For making sure the problem you mentioned does not occur, you should probably implement feature of your database management system called "transactions". This way if you do something on the database layer and at the end you will find out the reservation can not happen, all the actions made within transaction will be rolled back.
In addition to transactions you should design your application keeping in mind that the problem you mentioned may occur. Thus you should design your database & application in a way allowing you to 1) shorten the time between "checking" and "reserving" as much as possible, 2) stopping the action if you cannot make reservation, and finally - in case of emergency - 3) identifying which reservation came first and which should be revoked.

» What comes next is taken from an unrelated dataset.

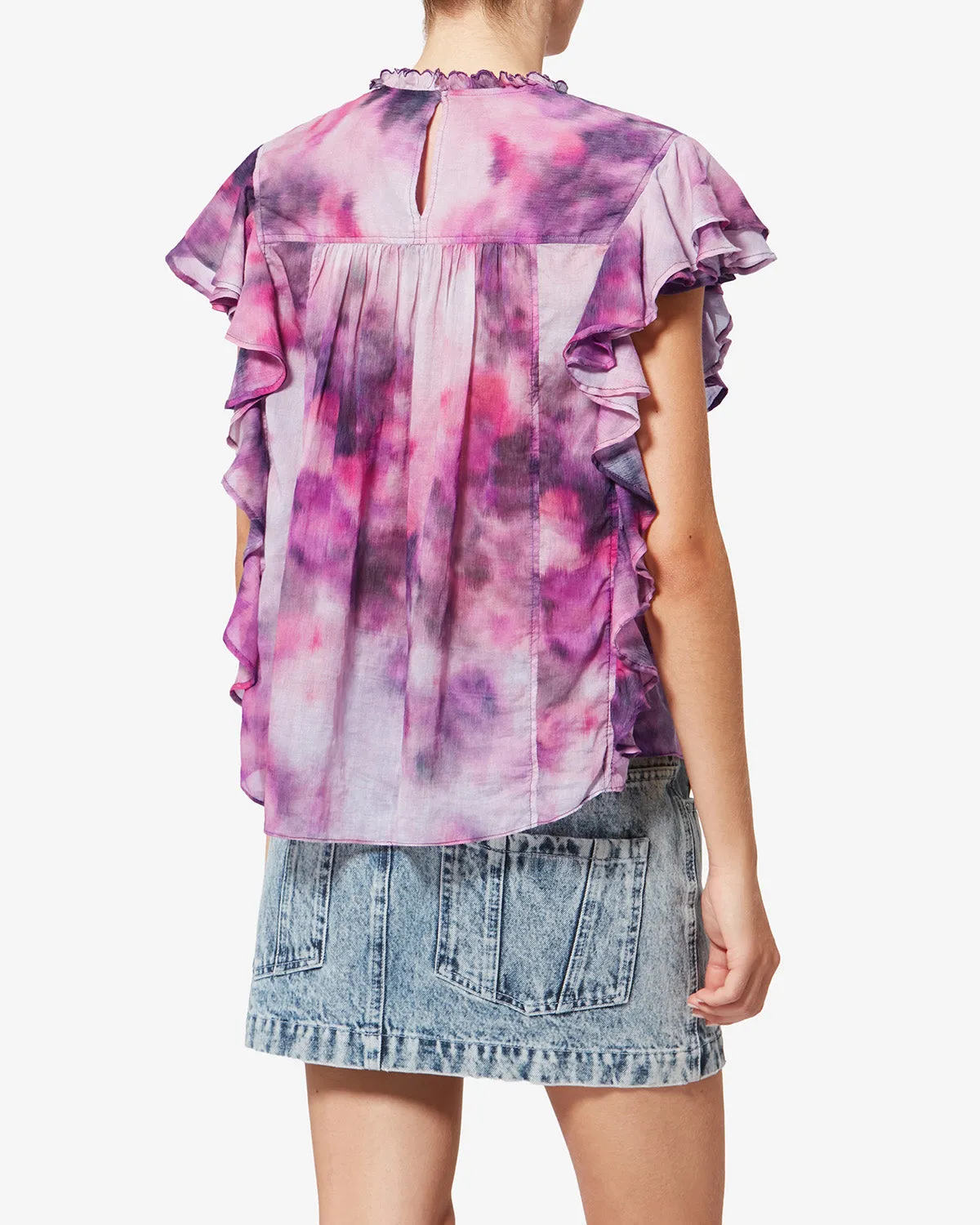 Top DALIYANE sold by Isabel Marant product image thumbnail 3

Another idea, falling into category of "your application's design", may be something we could call "temporary reservation". That means you can temporarily (eg. for a couple of seconds) lock your reservation if you are about to make reservation. After that you can check if you really can make that reservation and either turn it into permanent reservation or just revoke it. I believe some systems also make longer temporary reservations right after the customer begins the process of reserving his/her places. Then, if the process is successful, the reservation is changed into permanent, but if some specific amount of time passes without success, the reservation can be simply revoked, allowing another customer to begin the process.
yes definately, they are parallel for php but when the database concerns you should learn transaction portion of database management system.
Yes and no. PHP may run in simultaneous processes depending on server setup, but on a small-scale, you'll only have one database. Database queries are handled sequentially, so you'll never have that kind of conflict. (As long as you check to see if an item's in stock immediately before you reserve it for someone.) More information
Of course, Users A + B might both see that it's in stock, and A might request it before B. But your code can realize that it's now out of stock and display an error to User B.
(You get into trouble with multiple database servers. If you have the same data stored across multiple servers, there's lag time before data can be fully replicated. But you won't have that issue. We're talking like top 1,000 sites here.)
Related
How does PHP handle multiple requests from users? Does it process them all at once or one at a time waiting for the first request to complete and then moving to the next.
Actually, I'm adding a bit of wiki to a static site where users will be able to edit addresses of businesses if they find them inaccurate or if they can be improved. Only registered users may do so. When a user edits a business name, that name along with it's other occurrences is changed in different rows in the table. I'm a little worried about what would happend if 10 users were doing this simultaneously. It'd be a real mishmash of things. So does PHP do things one at time in order received per script (update.php) or all at once.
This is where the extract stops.